#### [Listed records]
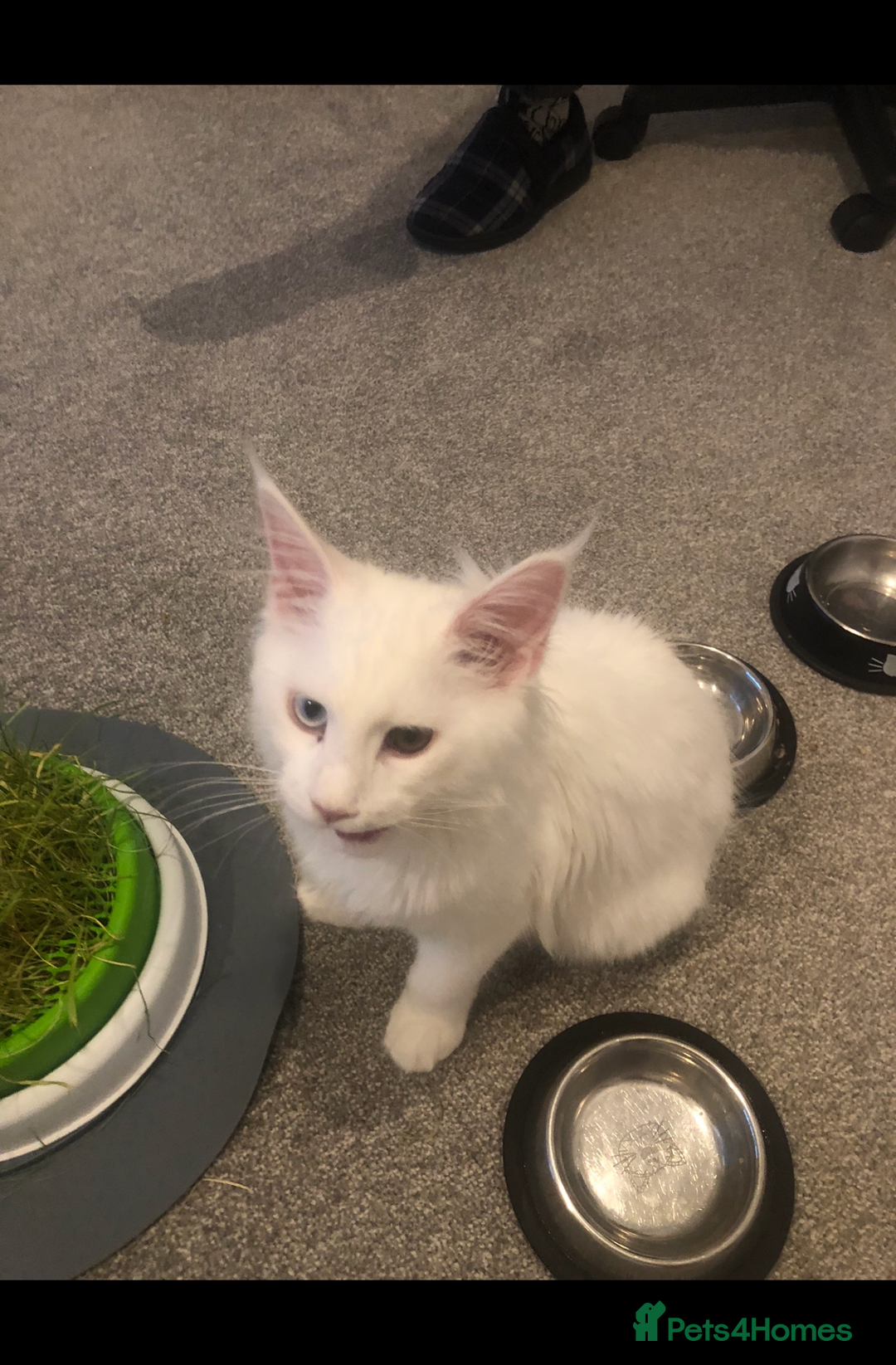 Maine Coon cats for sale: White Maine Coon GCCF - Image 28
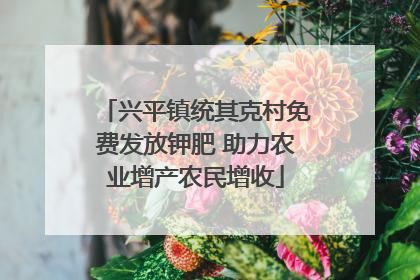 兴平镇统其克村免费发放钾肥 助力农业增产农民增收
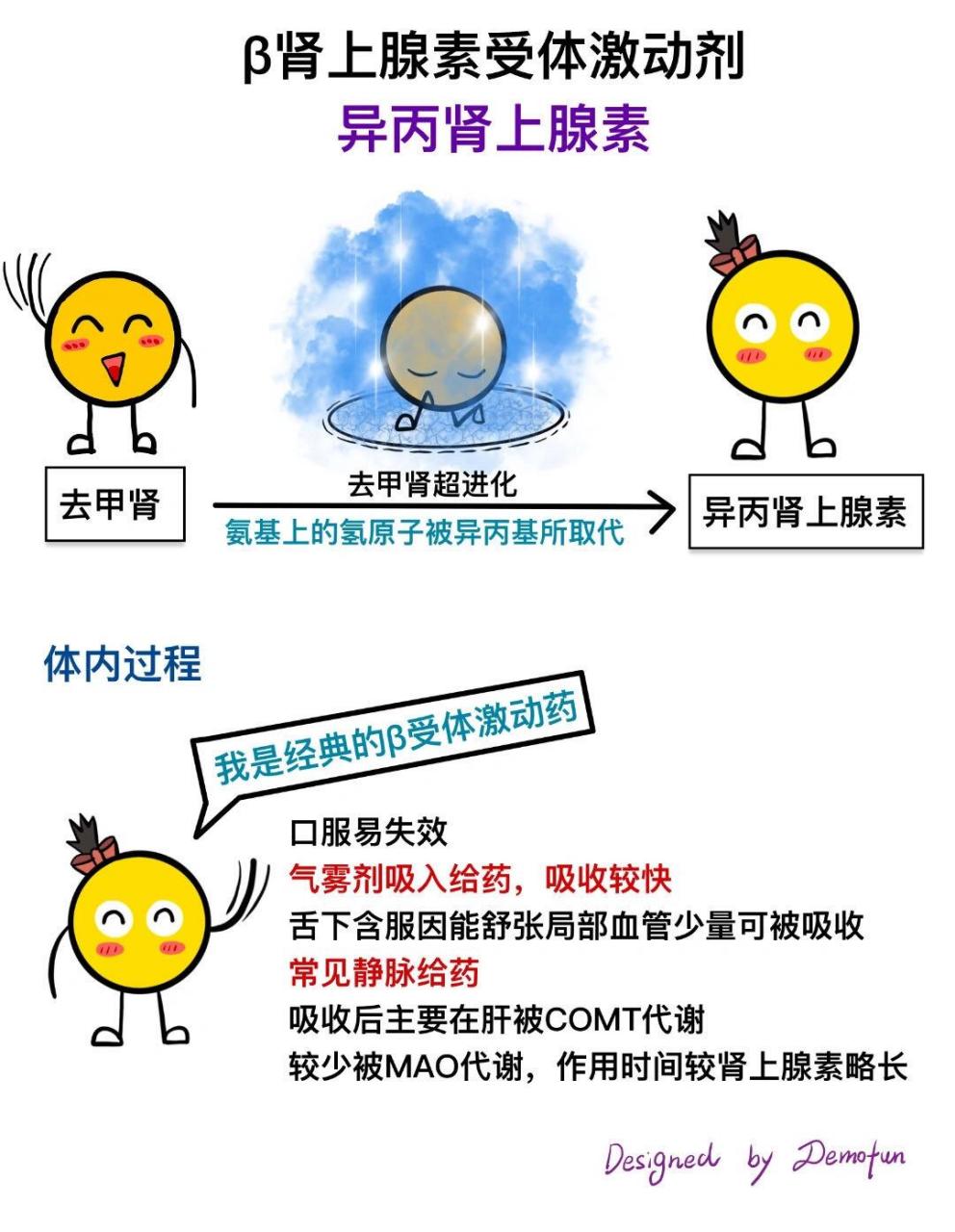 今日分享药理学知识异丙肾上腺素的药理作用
* * *
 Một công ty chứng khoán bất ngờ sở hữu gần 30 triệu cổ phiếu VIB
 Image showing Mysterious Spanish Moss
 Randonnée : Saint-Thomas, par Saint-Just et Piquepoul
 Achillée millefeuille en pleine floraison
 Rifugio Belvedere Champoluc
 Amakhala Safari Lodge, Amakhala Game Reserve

#### [What to work on]
Return word for word the lines above from the line with "Rifugio Belvedere Champoluc" to the line with "Amakhala Safari Lodge, Amakhala Game Reserve", including both and leaving out all others.

#### [Solution to this task]
 Rifugio Belvedere Champoluc
 Amakhala Safari Lodge, Amakhala Game Reserve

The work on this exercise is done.